If the clear operates in place and you can't assign to a new instance, then make the last line assert expected == actual.clear

Initially I tried this approach but then I realized that we can't instantiate the expected object given those expected parameters. The reason why it cannot is because there is a function in the class called setdata that does not allow instantiating a object with 0 resolution as what clear does. here is part of the code that setdatadefines:
if res <= 0: raise ValueError("Resolution res must be greater than 0.")

The only way that makes your structure works is to refactor the source code here to change from <= to <, but I'm not sure if this would change the behavior of the function as Luke originally plans...

Why is it possible to set a zero resolution in clear but not when instantiating? This is the question. This is probably an issue with the code itself. Actually, this is one reason we love tests, because we discover things like this....

Remember, tests test "behavior", not code. What behavior do we want for the clear method?

Is clear used anywhere in the code? Try and figure out what it is used for, then make a suggestion for your preferred fix.

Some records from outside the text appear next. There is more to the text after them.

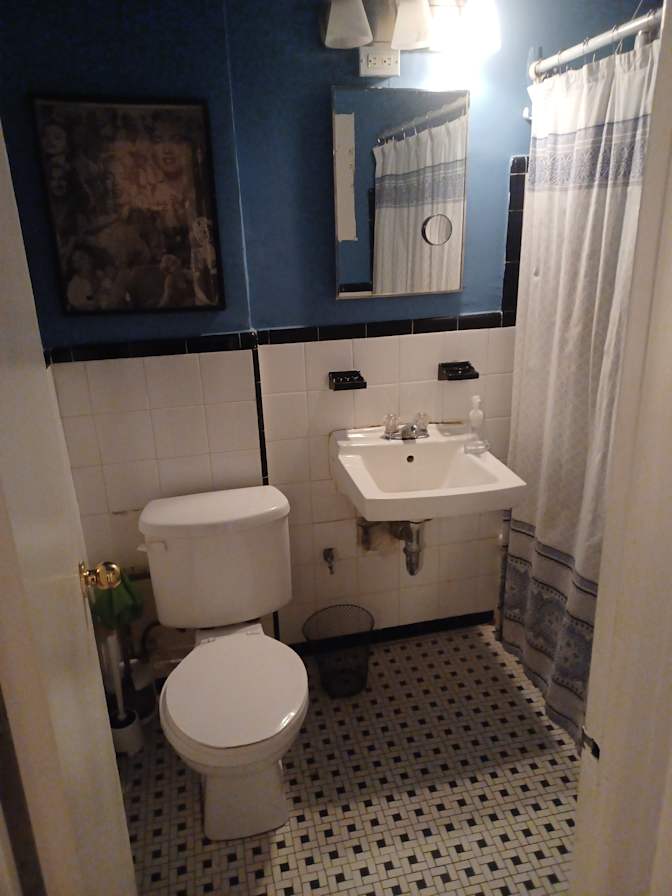 Photo of Frances's room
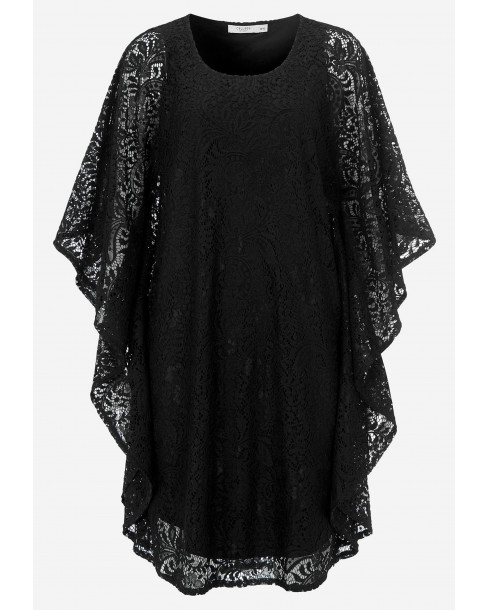 CELLBES KELLY LACE FRILL DRESS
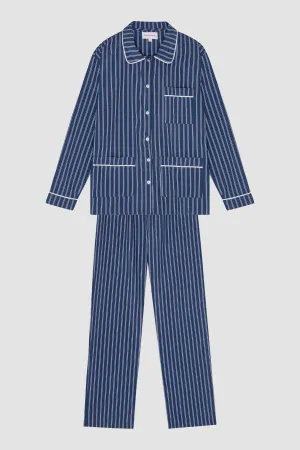 NEEDLE STRIPE PYJAMAS SET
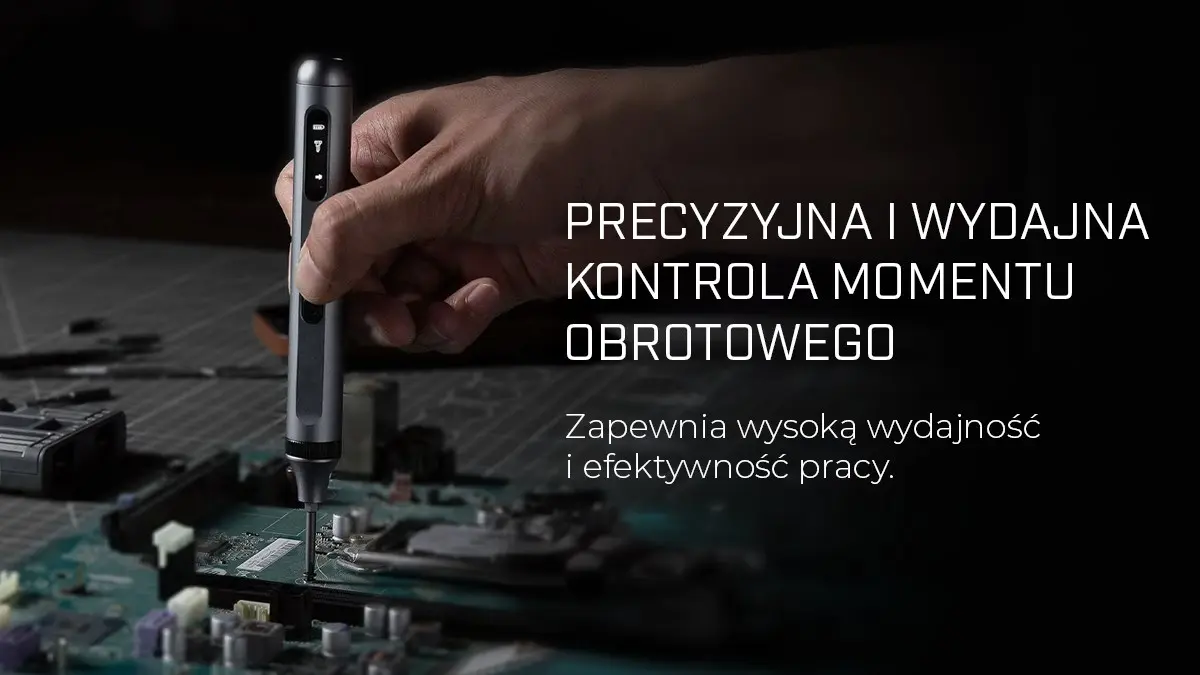 Extralink Powerlink Electric Screwdriver Set Photo 9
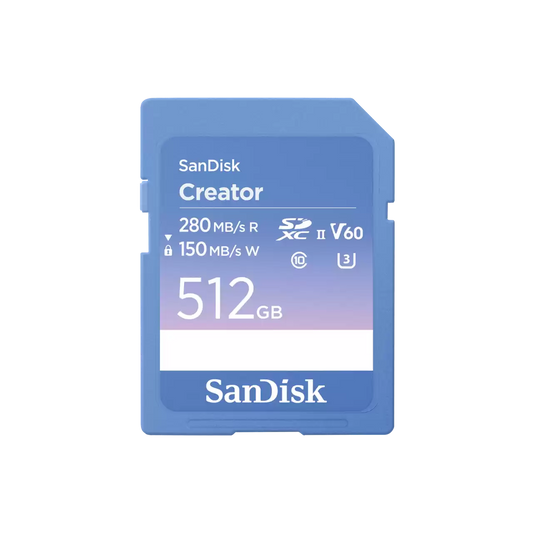 SanDisk 512GB SanDisk Creator SD UHS-II Card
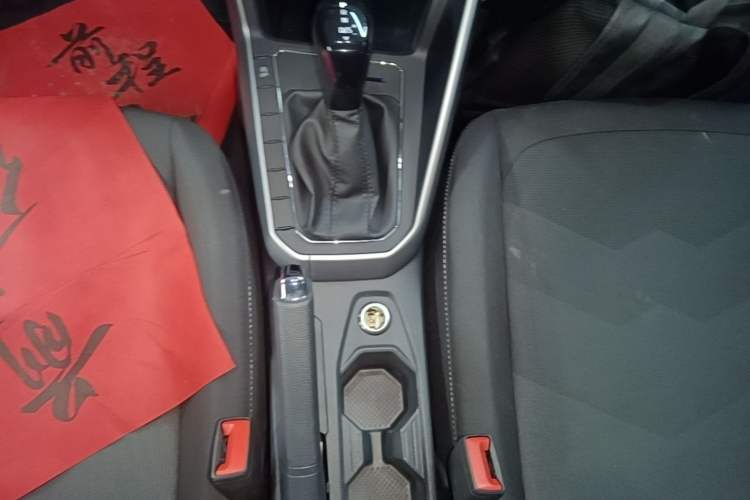 Used Volkswagen Polo 2019 Plus 1.5L Automatic Panoramic Enjoyment Edition Gear Lever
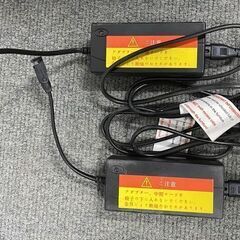 NITORI/ニトリ 両側電動リクライニングソファ クローナ 3人掛け 皮革(牛革) ブラック パワーシート リビング 中古家具 店頭引取歓迎 R9116の画像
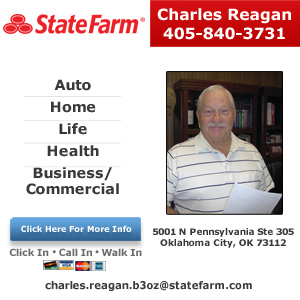 Call Charles Reagan - State Farm Insurance Agent Today!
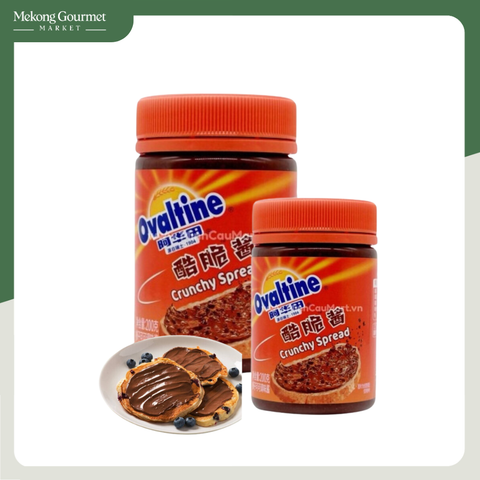 Bơ cacao hạt phỉ Ovaltine 200g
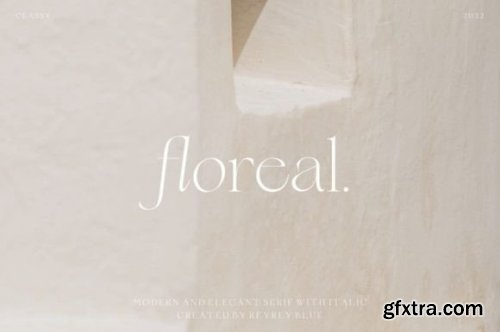  Floreal Font
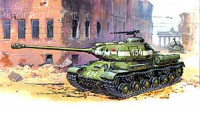 Звезда 3524 Советский танк ИС-2 1/35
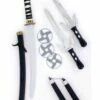 Ninjaset 4-delig -PartyWonders Store ninjaset 4 delig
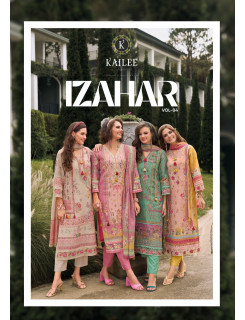 Kailee Fashion Izahar Vol 4 Printed Salwar Kameez Catalog at Wholesale Rate Kailee Fashion Izahar Vol 4 Printed Salwar Kameez Catalog at Wholesale Rate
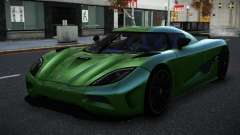 Koenigsegg Agera Kizenux für GTA 4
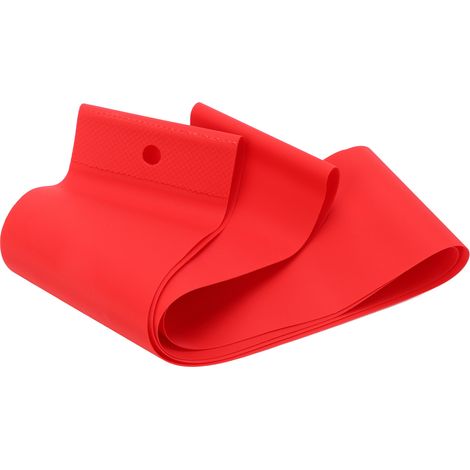 Bande de jante ZTTO 80 mm pour pneus de vélo, protection anti-crevaison en PVC pour pneus de 20 pouces, rouge (1/5)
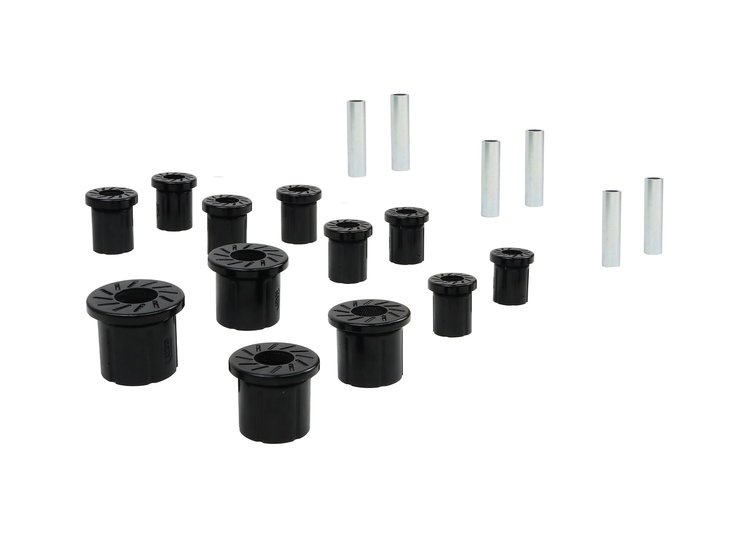 Leaf Spring and Shackle Bushing Kit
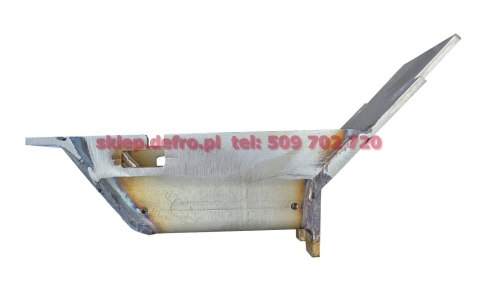 Basket / burner grate Biopel 1 10-15KW 237x55x100 without lip Basket / burner grate Biopel 1 10-15KW 237x55x100 without lip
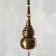 Wind Music Metal "Gorlyanka" 3 bells 1 figure 40 cm mix
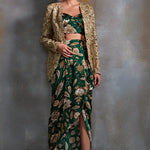 Bell Flower Jacket Set Namrata Joshipura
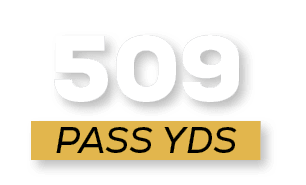 pass YDS,50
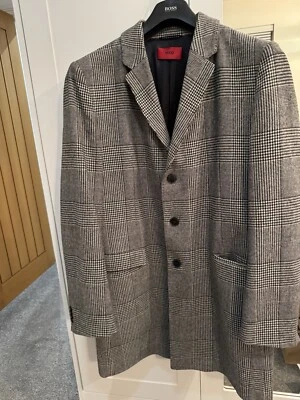 Hugo Boss Men’s Wool 3/4 Coat 46 - Image 1 of 4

It is used in the initilization (init)of the object. Basically, it guarantees that it could create a clean object in the instantiating step. The code reference is here
self.clear()
self.setdata(x, y, res)

Did not expect to see a flurry of activity on SrMise and thought I should chime in where it would be helpful. A res of 0 should produce the trivial clustering -- each point is its own cluster. I most likely required res > 0 because the point of the class is to find non-trivial clusterings and because in an early stage of development this class was more tightly coupled to the physical resolution of the PDF, which certainly has a positive value. Setting setting res = 0 when clearing was a transient stand in for an uninitialized state.

Considered purely as a clustering method the trivial clustering is reasonable default behavior and the only change necessary is in setdata(), along the lines of

if res < 0: raise ValueError("Resolution res must be non-negative.")

If you make that change, the docstring for setvars() in pdfpeakextraction.py should probably also be updated to state
"cres: The clustering resolution, must be >= 0".

Thanks Luke (@Ainamacar ) it is really great to have your input. I hope all is well with you!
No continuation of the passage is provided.